I’m finding it challenging to find expediency in packing up after settling in at a place for longer than 3 days. It’s at this stage where we’ve settled in and found homes for our ‘stuff’. But in order to travel efficiently and without movement of the Airstream’s innards, everything needs to have a place and semi-permanent home. So in leaving Kitty Hawk today, it took us a good 3 hours of battening up the hatches, tucking the bikes and wood in under the tonneau cover. With a wistful goodbye to our wonderful new friends, we started our trek south through Hatteras National Seashore and Island crossing via 40 minute ferry to Ocracoke. What a beautiful trip, with a plethora of birdlife spiralling patterns of whimsy as they forged through the strong south winds (which wreaked havoc on our gas mileage).
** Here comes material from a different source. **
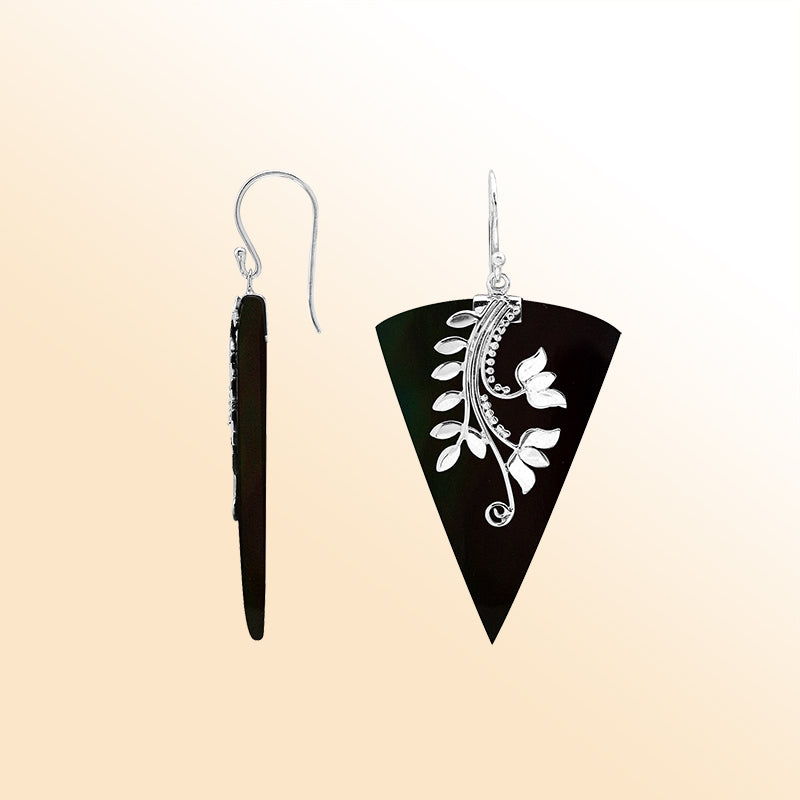 Sterling silver Black Shell drop earrings handcrafted in Bali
This was our second ferry crossing with both the truck and trailer, and with slaDE~s skilled maneuvering in to the tight ships parking bay, we breezed of and off without event or worry.
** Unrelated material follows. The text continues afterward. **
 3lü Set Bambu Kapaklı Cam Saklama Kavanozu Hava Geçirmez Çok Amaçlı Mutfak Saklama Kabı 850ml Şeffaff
I think my favourite aspect of today’s venture was visiting the world-famous Cape Hatteras Lighthouse, which so happens to be the tallest brick beacon in the USA, standing 208 feet in height. This spiral-striped black and white landmark served to warn mariners of the submerged and shifting sandbars which extend almost twenty miles off Cape Hatteras into the Atlantic (known as the Diamond Shoals). Although impressive in stature, the most magnificent facet about this sandstone lighthouse is that in 1999, when threatened by beach erosion, it was moved off the shoreline by 2,900 feet. The participants didn’t take it apart and put it back together. Instead, the Lighthouse was (diamond) cut from its original base, hydraulically lifted on to steel roll-beams and moved along railroad tracks inch by inch to its present position. This outstanding Civil Engineering achievement took 23 days. The Outer Banks Lighthouse Society engraved the keepers’ names, at the original site, on the foundation stones in their memory. The vantage point from this original location is a stunning sight to witness — what a vast distance this structure was painstakingly moved (the photo of the truck in the parking lot with the Lighthouse to the far right in the background is the approximate distance of 2,900 feet in which the Lighthouse was moved over 23 days)!
At the other end of the free ferry crossing lies Ocracoke. A very quaint little Island … with it being off-season, only a handful of stores, restaurant cafes and campgrounds were open. Teeters RV Park proved to be a quick stopping point (a bit overpriced for supplying electric only, but with such cold temperatures, we were needy of a place to plug in) before setting off early in the morning for our ferry crossing to the mainland.